Have you ever sprayed air-freshener in your home? Does it ever smell like the fragrance described on the can?

I must confess that I have used air-fresheners in the past, but I’ve never happy with how my house smelled afterward. To me, the fragrance is so ‘artificial’, and I also wonder if there are some ingredients in them that maybe aren’t good to inhale.

So, I was intrigued when I heard about ‘natural’ air fresheners made from plants – many of which I have in my garden.

 

Imagine your home filled with the natural fragrance of citrus paired with your favorite herbs drifting throughout – no overpowering, artificial fragrance, just subtle, refreshing scents.  

The combinations are endless, and the fragrance is released into the air by adding the contents and enough water to fill a small pot at least 1/2 – 3/4 full. Heat to boiling and then turn the heat down to low and allow it to simmer for a couple of hours. That’s it!

So are you as excited about creating your own ‘natural’ air fresheners as I am? 
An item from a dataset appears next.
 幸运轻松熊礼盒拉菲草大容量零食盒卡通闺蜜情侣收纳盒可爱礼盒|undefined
Let’s get started with some ingredients that you can use for your unique fragrant combination(s):

All types of citrus are refreshing and can serve as the base of your air freshener.  I chose lemons, oranges and limes.  But, if you have a grapefruit tree that is overly generous with its fruit, they would work well too!

Now let’s grab some herbs from the garden or the grocery store).

Basil



Thyme

Mint

Rosemary and lavender would also work great, but I don’t have any growing in my garden.
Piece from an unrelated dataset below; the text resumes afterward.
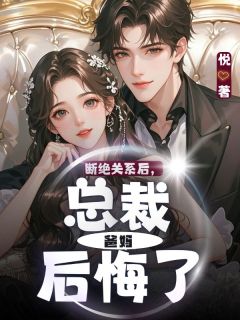 主角钟瑜杜芊芊小说完整版最新章节-断绝关系后，总裁爸妈后悔了免费阅读全文-二筒文学网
I also use vanilla extract and peppercorns in my mixtures.

Here are a few that I made.

I love cooking (and eating) Italian food – even though I have no Italian ancestry that I know of.  

I used 1 sprig of basil, 1 teaspoon of black peppercorns and a few slices of lemon – it makes my home smell fresh as I imagine an Italian kitchen would smell like.

I add these ingredients to jars and fill them with water to the top. For this project, I used Ball mason jars.

I think it looks pretty, don’t you?

Of course, if you are going to use use them right away, skip the jar and add directly to a small pot.  Pour more water until it reaches 3/4 full, heat to boiling, lower the heat to low and enjoy for a few hours – KEEP an eye on the water level and add more as needed – DON’T let it dry out.

Here is another combination that I like.

A few slices of lime, 4 – 5 sprigs of thyme, a sprig of mint and a teaspoon of vanilla extract.

You can make one air freshener at a time, or create a few and store them in the refrigerator for a week. You can freeze them for longer until ready to use – just make sure to freeze them in a freezer-safe container such as a wide-mouth jar.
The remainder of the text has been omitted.